In support of Count Two, Plaintiff alleges:
On information and belief, when the Liberty Parties transferred, or caused to be transferred, approximately $7.6 million to the Javlin Parties, the Liberty Parties and the Javlin Parties intended to hinder or delay the ability of Plaintiff and other members of the proposed class [to collect monetary damages they may be awarded in connection with the FDCPA claim.]
First Am. Compl. ¶ 61.
Incorporating previous allegations, Plaintiff also alleges that “[o]n information and belief, on or about December 19, 2014,” the Liberty Parties sold their assets to Jefferson Capital Systems for cash and equity in Jefferson. Id. ¶ 34. They further contend that “[o]n information and belief,” and “in connection with the sale of their assets, the Liberty Parties directed Jefferson to transfer approximately $7.6 million of the proceeds of the sale to the Javlin Parties, purportedly in repayment of a loan made by Javlin One to Liberty Acquisitions I, LLC and Liberty Acquisitions II, LLC.” Id. ¶ 35.
These are the relevant allegations regarding the $7.6 million transfer. Generally, “information and belief’ allegations do “not satisfy the degree of particularity required under Rule 9(b)[.]” Skinner Bonding of Or. v. CSSG, Inc., No. CIV.05-118-HA, 2005 WL 1745562, at *4 (D. Or. July 22, 2005) (citing Wool v. Tandem Computers, Inc., 818 F.2d 1433, 1439 (9th Cir. 1987), overruled on other grounds Hollinger v. Titan Capital Corp., 914 F.2d 1564, 1575 (9th Cir. 1990) (en banc)). However, the rule is “relaxed as to matters peculiarly within the opposing party’s knowledge.” Wool, 818 F.2d at 1439 (internal quotation marks omitted). This exception applies in situations where the plain*1056tiff could not be expected to have personal knowledge of the facts constituting the wrongdoing. Id. (citation omitted). In such cases, Rule 9(b) is satisfied by a statement of the facts upon which the belief is grounded. Id.
Here, Plaintiffs allegations regarding the $7.6 million transfer that the Liberty Parties allegedly directed Jefferson Capital to make to the Javlin Parties do not comply with Rule 9(b) because they are asserted “on information and belief’ and without also alleging facts upon which the belief is grounded. Neubronner v. Milken, 6 F.3d 666, 672 (9th Cir. 1993) (“a plaintiff who makes allegations on information and belief must state the factual basis for the belief’).

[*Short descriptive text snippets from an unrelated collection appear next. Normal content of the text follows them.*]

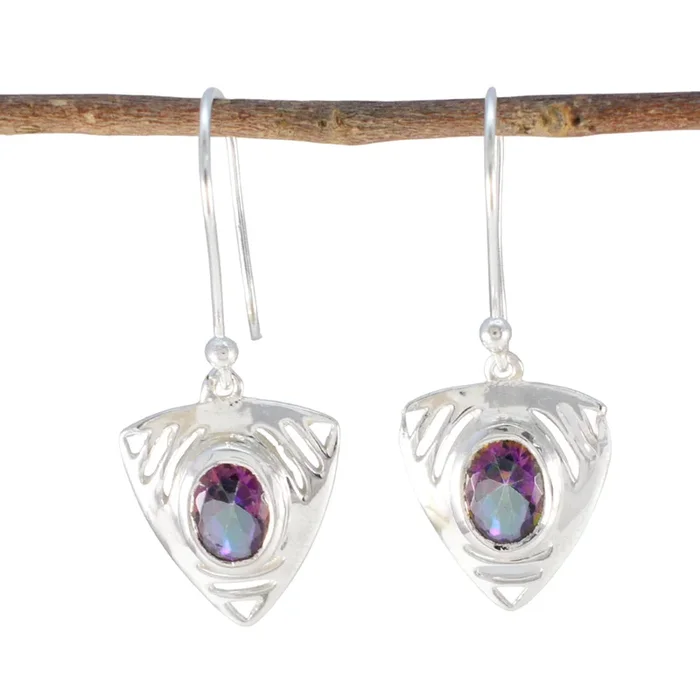 Mystic Quartz German Sophia Solitaire Dangle multicolor 92.5 Silver Earring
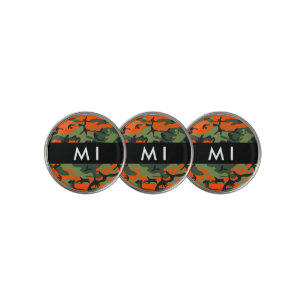 Orange Camouflage Pattern, Your name, Personalize Golf Ball Marker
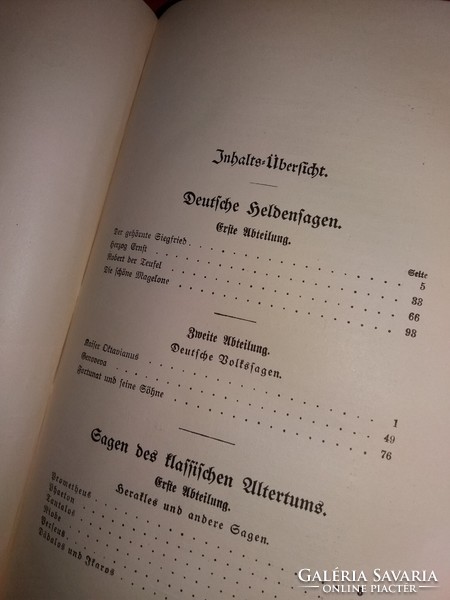 1935. Gustav schwab: a book of legends in German written in Old Germanic letters with beautiful lithographs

As to the intent element, section 1304(b) of the Delaware UFTA lists eleven non-exclusive factors to consider in determining actual intent under § 1304(a)(1). These include that the transfer or obligation was made to an insider, the debtor had been sued or was threatened with suit before the transfer occurred, the transfer was of substantially all the debtor’s assets, and the debtor was insolvent or became insolvent shortly after the transfer was made. D.C.A. tit. 6, § 1304(b). Plaintiff argues that these are sufficient facts to support the intent element because they show that the Javlin Parties were affiliates and thus, statutory insiders, of the Liberty Parties, that the transfer occurred after the 14-1610 lawsuit was filed, and that the Javlin Parties knew or had reason to know that the transfer would render the Liberty Parties insolvent and unable to pay any of the Liberty Parties’ outstanding obligations, including damages that might be awarded in this action. First Am. Compl. ¶¶ 6, 7, 8, 9, 56 (affiliate); ¶¶ 34, 35, 36 (timing, knowledge of legal claims); ¶¶ 37, 57 (insolvency).
While Plaintiff alleges several “badges of fraud” which could permit an inference of fraudulent intent, most of the allegations are made “on information and belief.” Although Rule 9(b) provides that “[m]alice, intent, knowledge and other conditions of a person’s mind may be alleged generally!,]” Fed. R. Civ. P. 9(b), Plaintiffs factual “badges of fraud” allegations do not comport with Rule 9(b). At a minimum, Plaintiff must support its “information and belief’ assertions with allegations showing the factual basis for the belief.
Plaintiff requests leave to amend in the event the Court determines that Rule 9(b) applies to Count Two and that the allegations in the First Amended Complaint are not specific enough. The Javlin Parties oppose that request. They argue that Plaintiff has already amended once and that any amendment cannot cure “the fact that the claims against Javlin are premised on the patently false allegation that Triton owns more than 20% of Javlin.” Javlin Reply 11.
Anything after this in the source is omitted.